La jurisprudence francophone des Cours suprêmes


recherche avancée

16/06/2023 | FRANCE | N°22NT01380

France | France, Cour administrative d'appel de Nantes, 4ème chambre, 16 juin 2023, 22NT01380


Vu la procédure suivante :

Procédure contentieuse antérieure :

La SARL SRIM Multiservices a demandé au tribunal administratif de Caen de condamner la communauté de communes Normandie Cabourg Pays d'Auge à lui verser la somme de 18 479,60 euros, assortie des intérêts moratoires, au titre de prestations exécutées pour lesquelles elle n'a reçu aucun paiement.

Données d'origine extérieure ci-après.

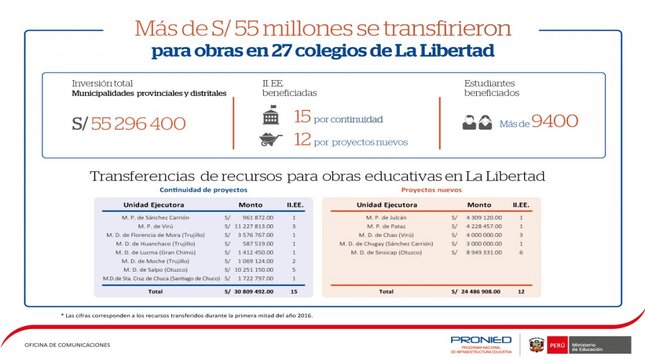 Infografía: Transferencia a la región La Libertad.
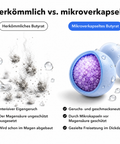 Butyrat Mikroverkapselt: Herkömmlich vs. mikroverkapselt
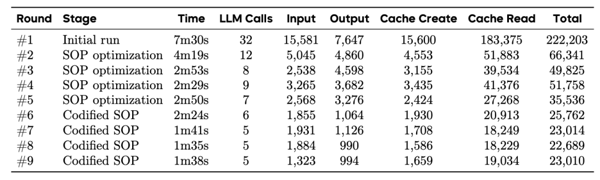 九轮进化轨迹数据图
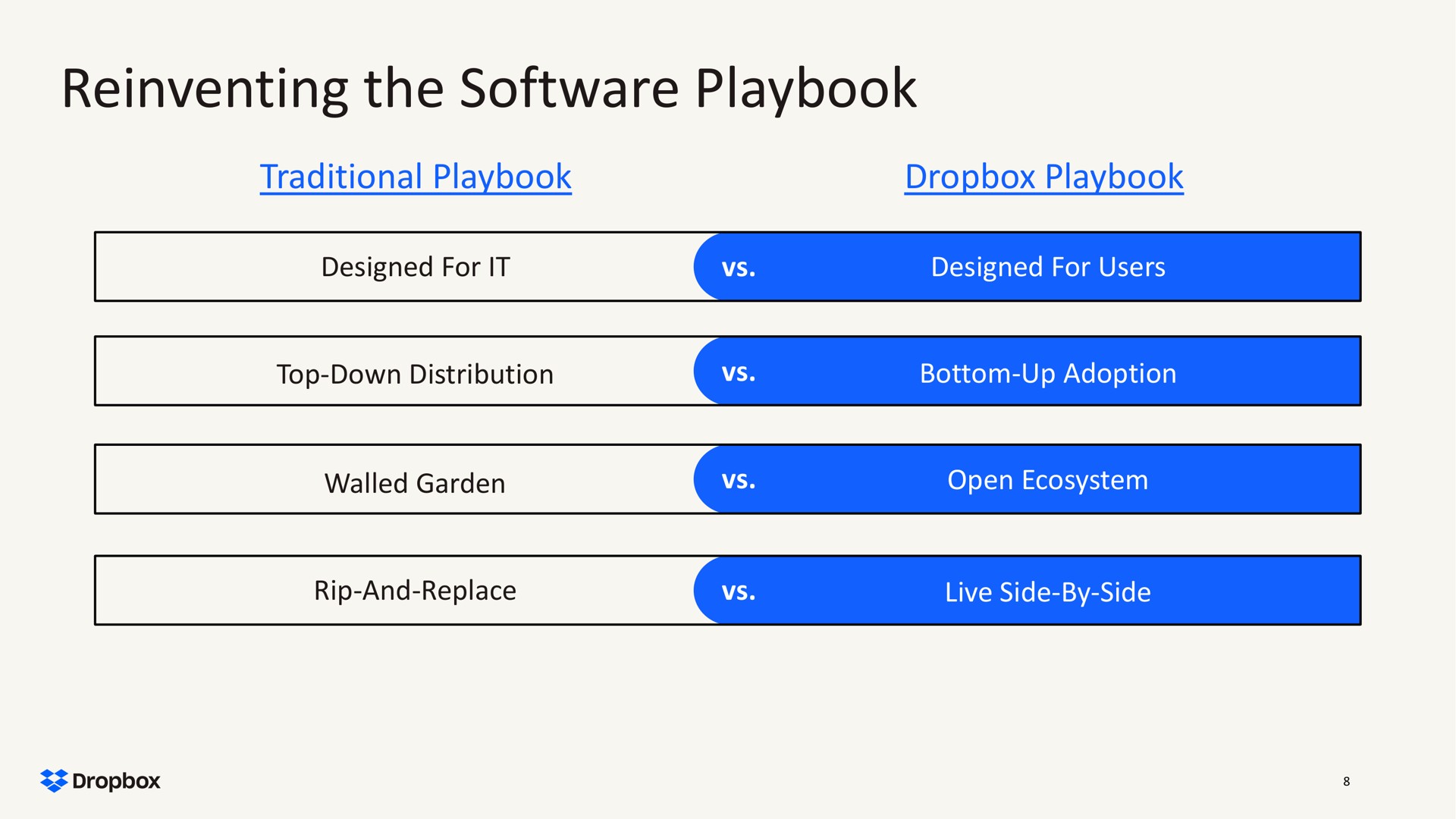 reinventing the playbook | Dropbox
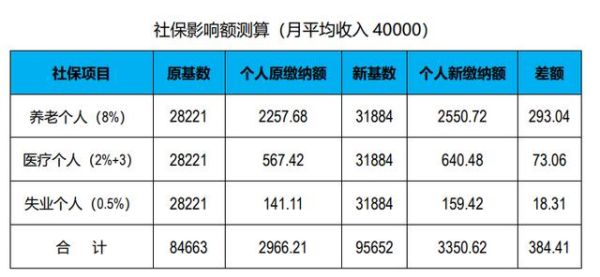 社保基数总额是什么意思？用人单位工资总额-图2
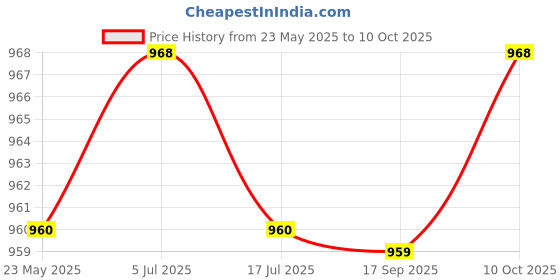 amazon.in THE STYLE SUTRA 6xResistive Pen Touch Screen Stylus Replacement for Console/Tab/Phone Price History Graph from 23 May 2025 to 10 Oct 2025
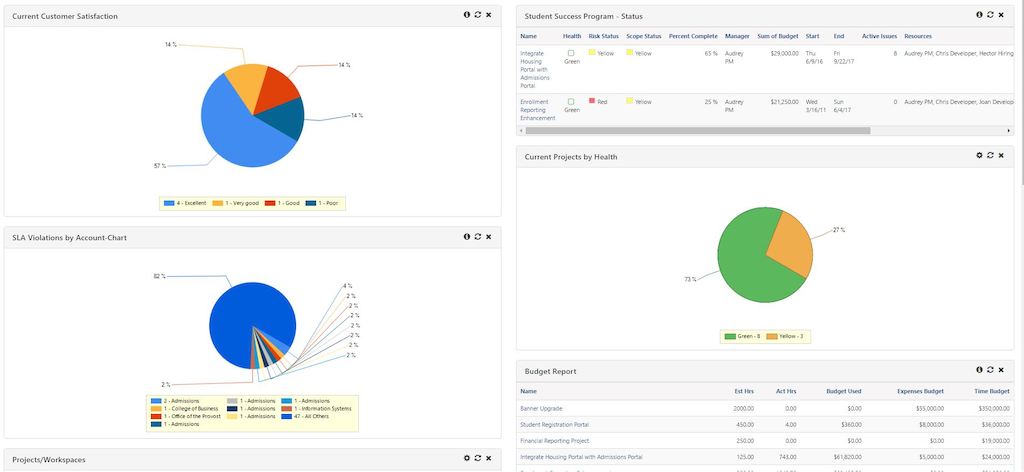 Project portfolio and service management can be managed in the cloud on one platform with TeamDynamix.
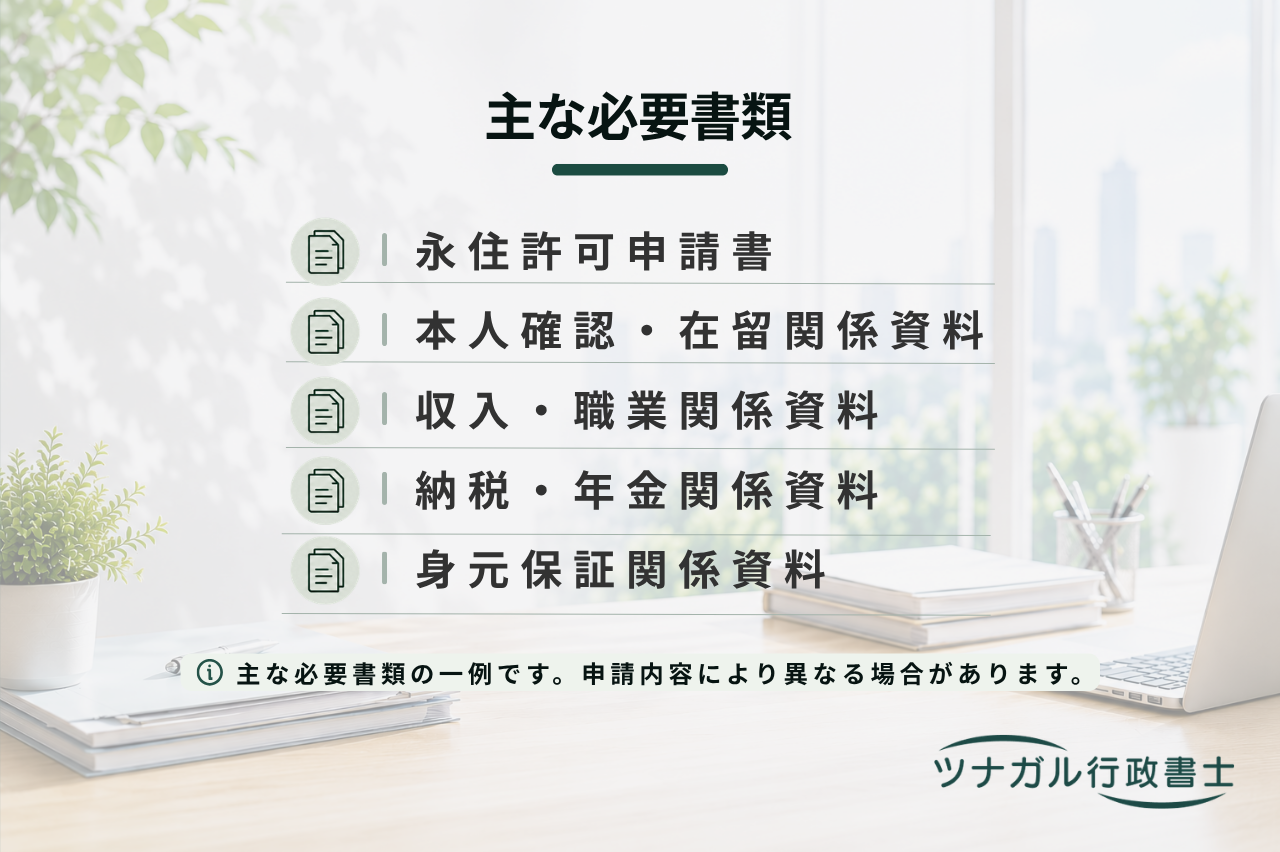 永住許可申請（永住ビザ）（h089）
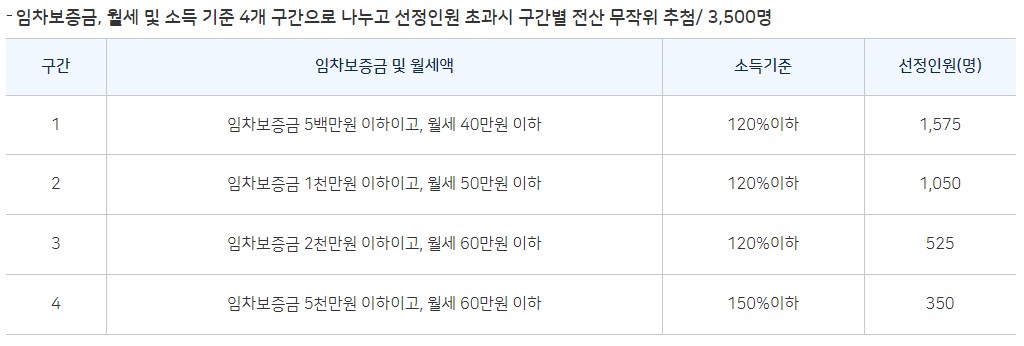 임차보증금및 월세액 과 소득기준구간
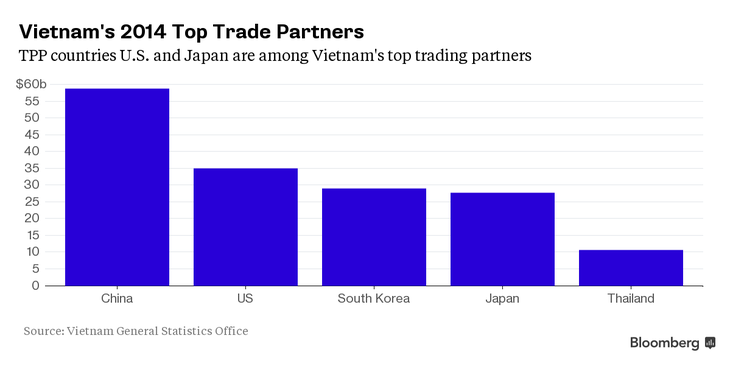 Exports contribute to Vietnam’s economic growth in 2015 - ảnh 2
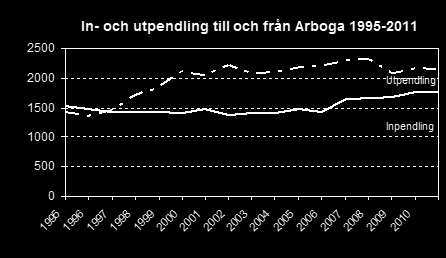 pendlar 1 761 personer eller 32 procent in till Arboga från andra kommuner för att arbeta. Den största inpendlingen kommer från Köping varifrån 7 procent pendlar in till Arboga för att förvärvsarbeta.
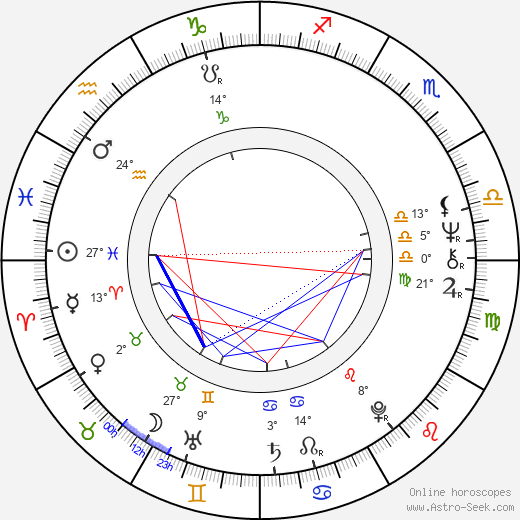 Richard Jones birth chart, biography, wikipedia 2024, 2025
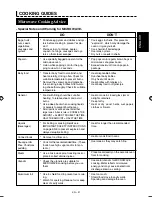 Preview for 33 page of Sharp AX-1110IN Operation Manual With Cookbook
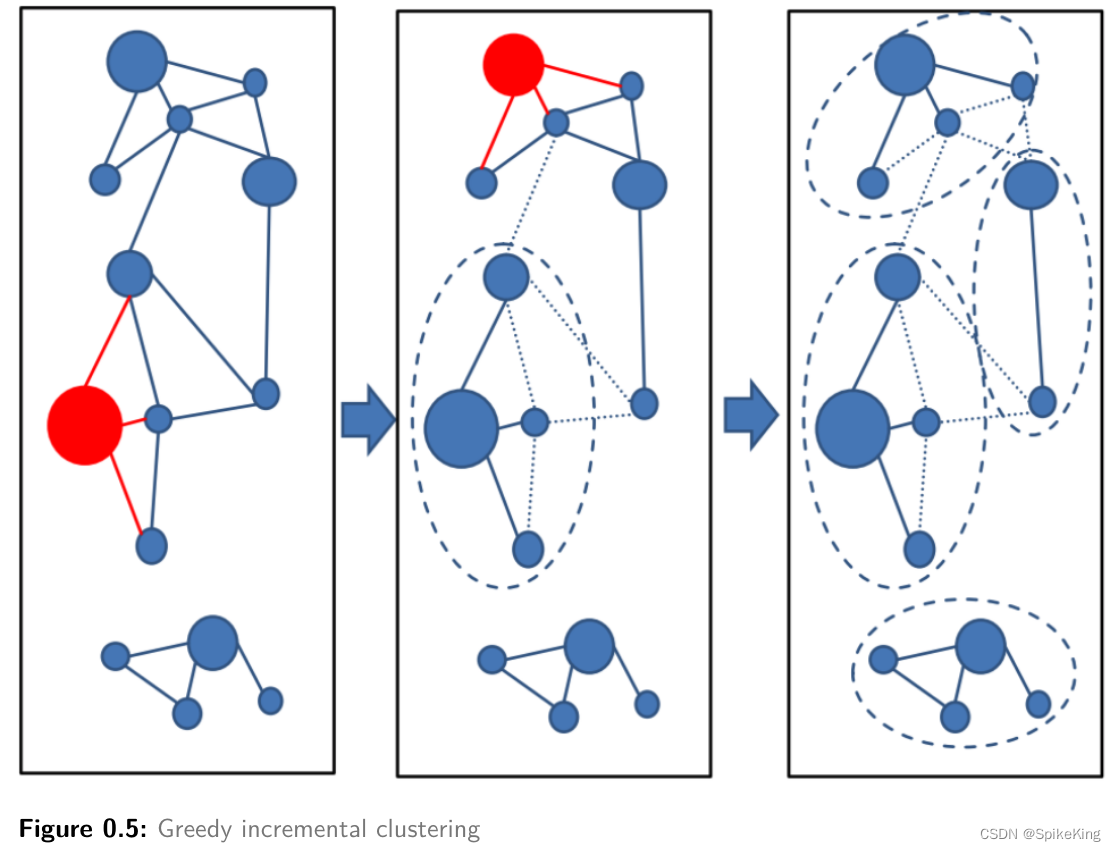 greedy clustering algorithm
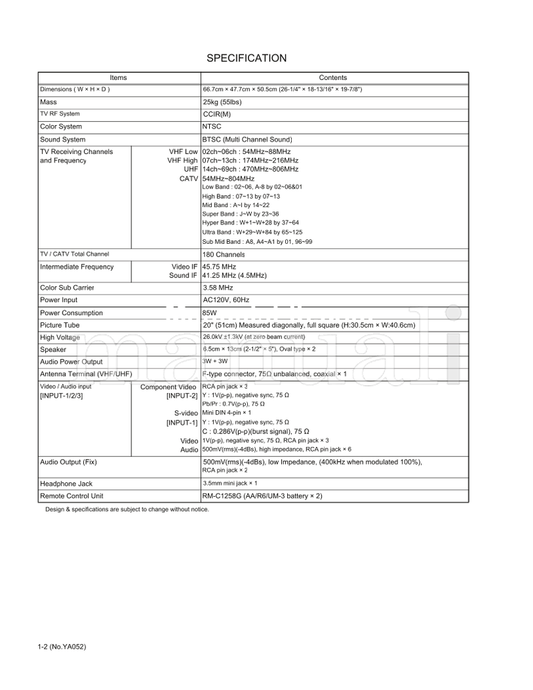JVC YA052 AV-20F475 AV-N21F45 (55 pages) TV Service Manual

Par un jugement n° 2000894 du 7 mars 2022, le tribunal administratif de Caen a condamné la communauté de communes Normandie Cabourg Pays d'Auge à verser à la société SRIM Multiservices la somme de 18 47

9,60 euros, assortie des intérêts moratoires à compter du 3 avril 2020 (article 1er...

Vu la procédure suivante :

Procédure contentieuse antérieure :

La SARL SRIM Multiservices a demandé au tribunal administratif de Caen de condamner la communauté de communes Normandie Cabourg Pays d'Auge à lui verser la somme de 18 479,60 euros, assortie des intérêts moratoires, au titre de prestations exécutées pour lesquelles elle n'a reçu aucun paiement.

Par un jugement n° 2000894 du 7 mars 2022, le tribunal administratif de Caen a condamné la communauté de communes Normandie Cabourg Pays d'Auge à verser à la société SRIM Multiservices la somme de 18 479,60 euros, assortie des intérêts moratoires à compter du 3 avril 2020 (article 1er) et a mis à sa charge une somme de 2 000 euros au titre de l'article L. 761-1 du code de justice administrative (article 2).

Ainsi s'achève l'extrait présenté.